DATA TO EXAMINE:
•••••

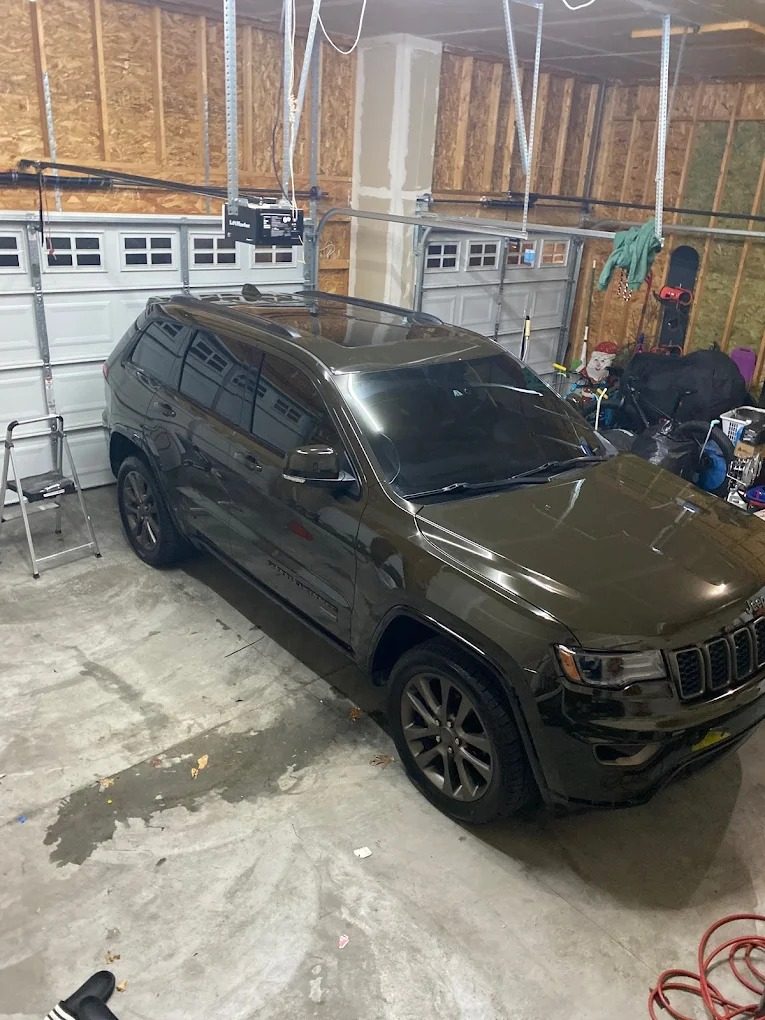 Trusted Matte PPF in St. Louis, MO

•••••

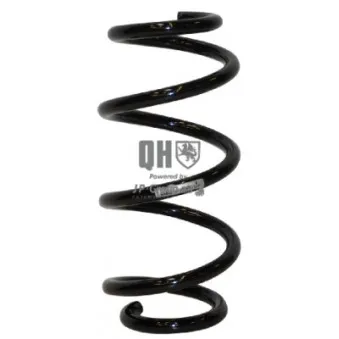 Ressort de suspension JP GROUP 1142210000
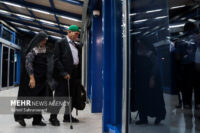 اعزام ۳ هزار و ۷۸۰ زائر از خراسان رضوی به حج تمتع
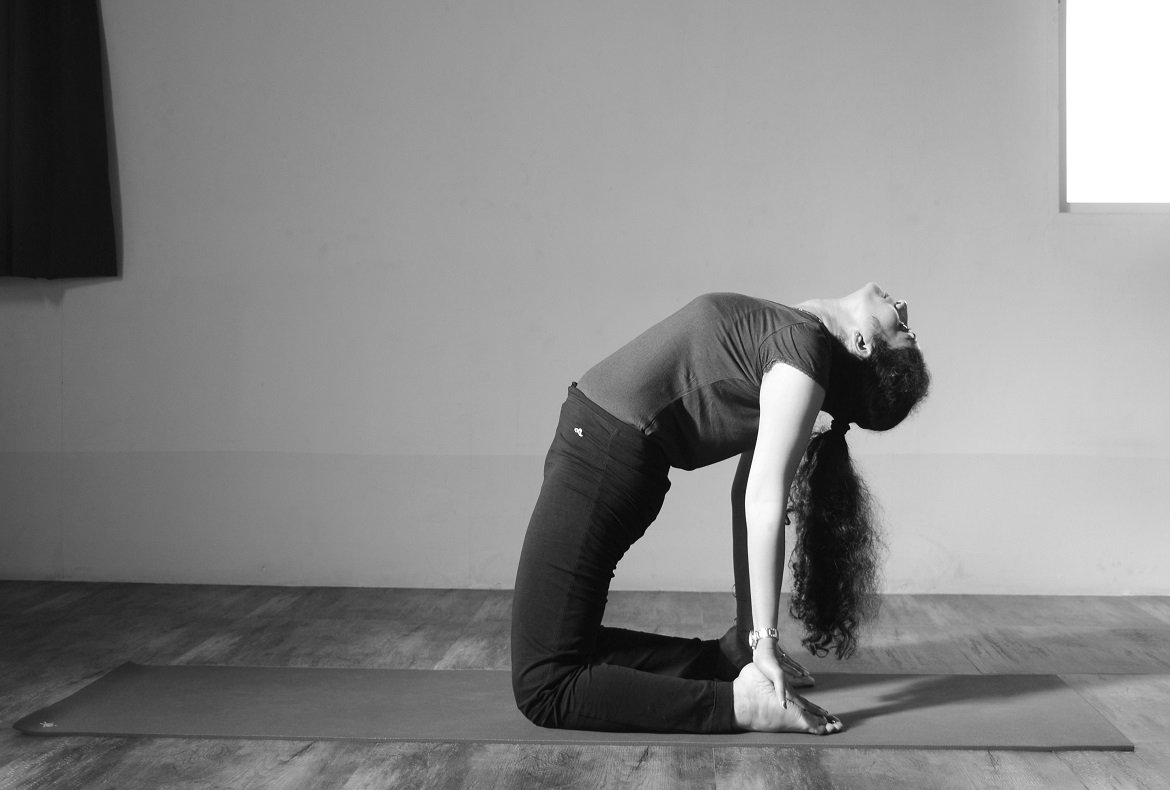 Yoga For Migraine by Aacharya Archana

•••••

PROBLEM DETAILS: From the records above, transcribe only the stretch from the line with "Ressort de suspension JP GROUP 1142210000" through the line with "Yoga For Migraine by Aacharya Archana", keeping both ends. Omit pictures.

ANSWER BELOW:
 Ressort de suspension JP GROUP 1142210000
 اعزام ۳ هزار و ۷۸۰ زائر از خراسان رضوی به حج تمتع
 Yoga For Migraine by Aacharya Archana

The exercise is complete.